# Modeling Template Notebook - v1

This notebook should serve as a template for the standard modelling we will all be using for as the base of version 1 development.

The goal is for us to use the same predicted probabilities and classes to build different functions according the to tasks assigned to us.

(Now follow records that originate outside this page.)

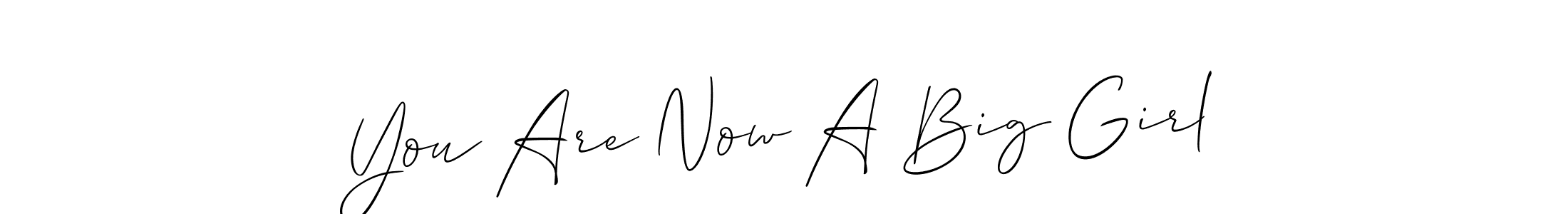 Check out images of Autograph of You Are Now A Big Girl name. Actor You Are Now A Big Girl Signature Style. Allison_Script is a professional sign style online. You Are Now A Big Girl signature style 2 images and pictures png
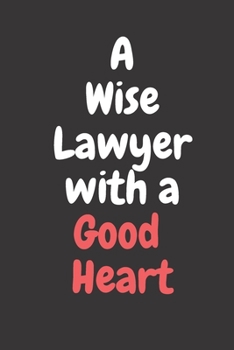 Paperback A Wise Lawyer with a Good Heart: 120 Lined Pages Notebook Book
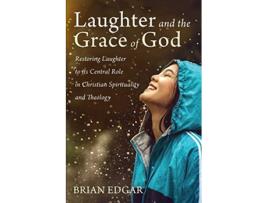 Livro Laughter and the Grace of God Restoring Laughter to its Central Role in Christian Spirituality and Theology de Brian Edgar (Inglês)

The notebook should be used as follows:

1. Import all needed packages:
2. Load Data
3. Split Train and Test Sets
4. Build and Run model
5. Output predictions

### Import necessary packages

Note: In the case a Module Not Found error is thrown, it will automatically attempt to install all needed packages. You would have to rerun the import package cell again after.

In [1]:
def install_packages():
    !pip install pandas
    !pip install numpy
    !pip install scikit-learn

In [2]:
try:
    import pandas as pd
    import numpy as np
    from sklearn import datasets
    from sklearn.linear_model import LogisticRegression
    from sklearn.model_selection import train_test_split
    from sklearn.metrics import accuracy_score, f1_score
    print('import successful')
except ModuleNotFoundError:
    print('forcing install of necessary packages. If you see this, rerun this cell to try again')
    install_packages()

import successful


### Load necessary data

The dataset we're starting off with is the standard breast cancer dataset that lends itself directly to binary classification modelling.

In [3]:
X, y = datasets.load_breast_cancer(return_X_y=True)

### Train Test Split

In [4]:
X_train, X_test, y_train, y_test = train_test_split(X, y, test_size=0.33, random_state=42)

### Run model

We're using the simplest flavour of the ordinary least squares logistic regression in this case and no data transformation / scaling to maintain simplicity

In [5]:
clf = LogisticRegression(random_state=0).fit(X_train, y_train)

### Output Predictions

This section provides the basic outputs we will be using for function building as variables. They are as follows:

1. predicted_probabilities: this is output of pre for which we will be performing optizations. This has two 'columns' where the values in index 0 are the probabilities for the class 0 and those in index 1 have probabilies for class 1

2. sklearn_class_labels: this is the class label prediction computed by sklearn's density function

3. naive_class_labels: this is the class label prediction computed by using a naïve 0.5 threshold

In [6]:
predicted_probabilities = clf.predict_proba(X_test)
print('shape of predicted probabilties:', predicted_probabilities.shape)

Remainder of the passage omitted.